--- Exercise materials ---
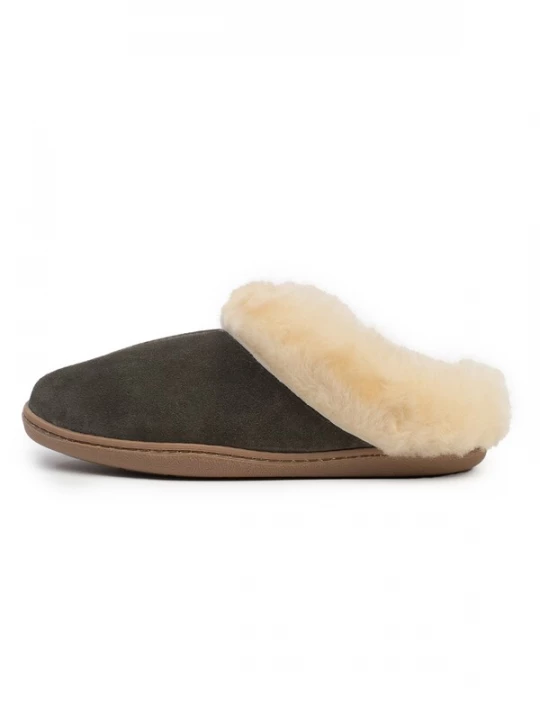 Obrázek produktu Minnetonka Pantofle antracitová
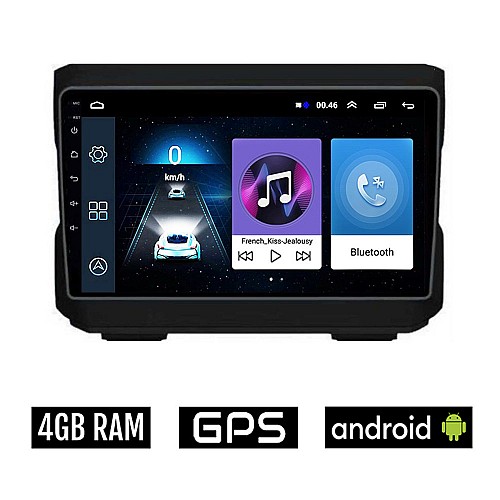 JEEP GRAND CHEROKEE (2007-2011) Android οθόνη αυτοκίνητου 4GB με GPS WI-FI (ηχοσύστημα αφής 10" ιντσών OEM Youtube Playstore MP3 USB Radio Bluetooth Mirrorlink εργοστασιακή, 4x60W, AUX) JE11-4GB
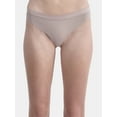 thumbnail image 2 of (2 pack) No Boundaries Micro Thong Panty, Women’s and Women’s Plus, Sizes S-XXXL, 2 of 4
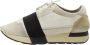 Balenciaga Vintage Pre-owned Leather sneakers White Dames - Thumbnail 1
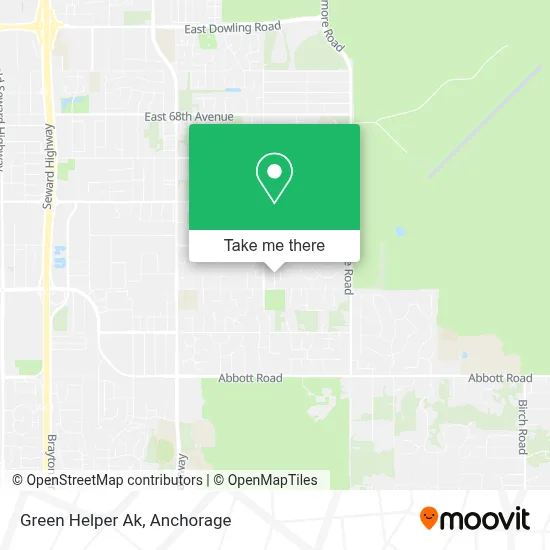Green Helper Ak map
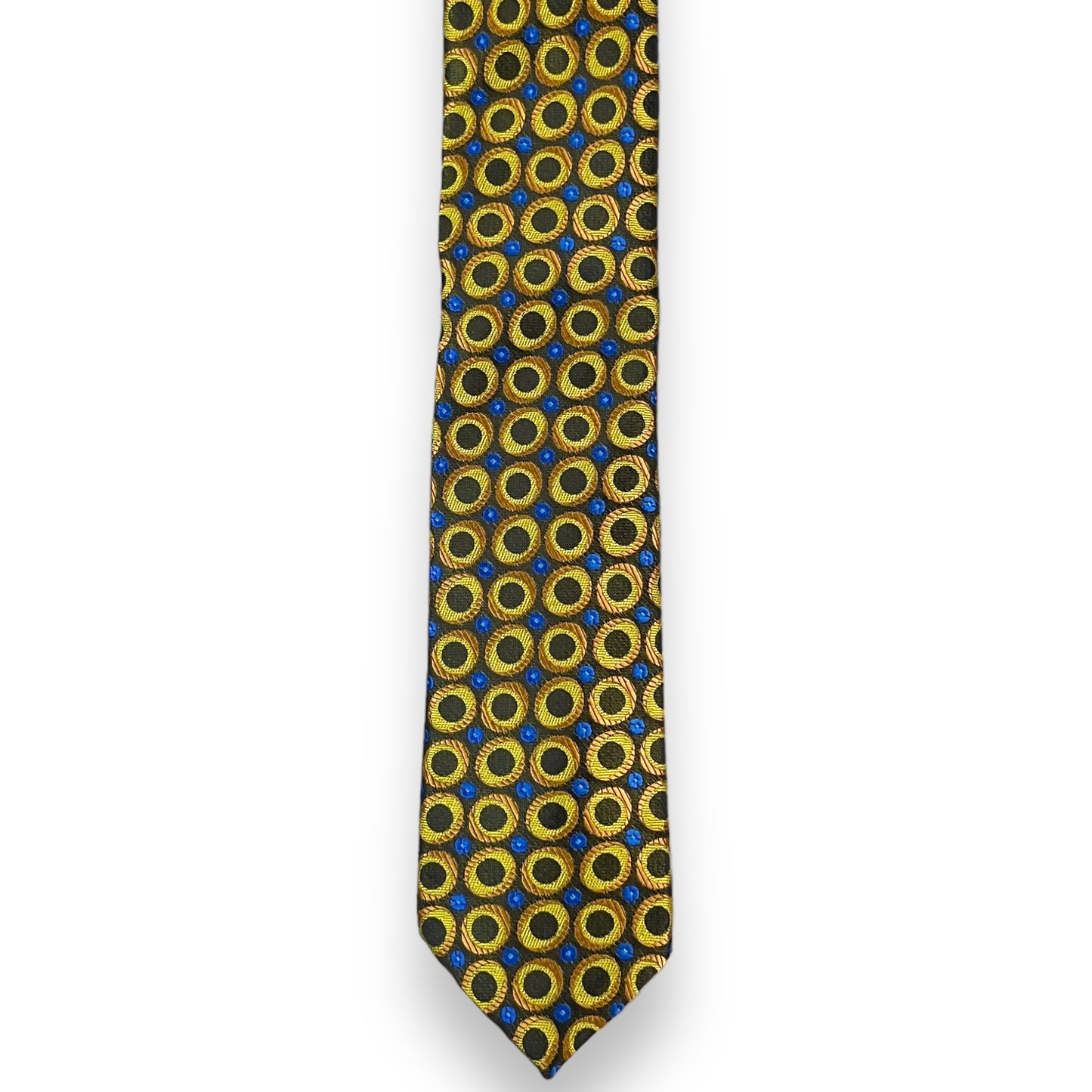 Gold Dotted Tie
---
Your assignment:
Set down every line above exactly, pictures excluded.

Your solution:
 Obrázek produktu Minnetonka Pantofle antracitová
 JEEP GRAND CHEROKEE (2007-2011) Android οθόνη αυτοκίνητου 4GB με GPS WI-FI (ηχοσύστημα αφής 10" ιντσών OEM Youtube Playstore MP3 USB Radio Bluetooth Mirrorlink εργοστασιακή, 4x60W, AUX) JE11-4GB
 thumbnail image 2 of (2 pack) No Boundaries Micro Thong Panty, Women’s and Women’s Plus, Sizes S-XXXL, 2 of 4
 Balenciaga Vintage Pre-owned Leather sneakers White Dames - Thumbnail 1
Green Helper Ak map
 Gold Dotted Tie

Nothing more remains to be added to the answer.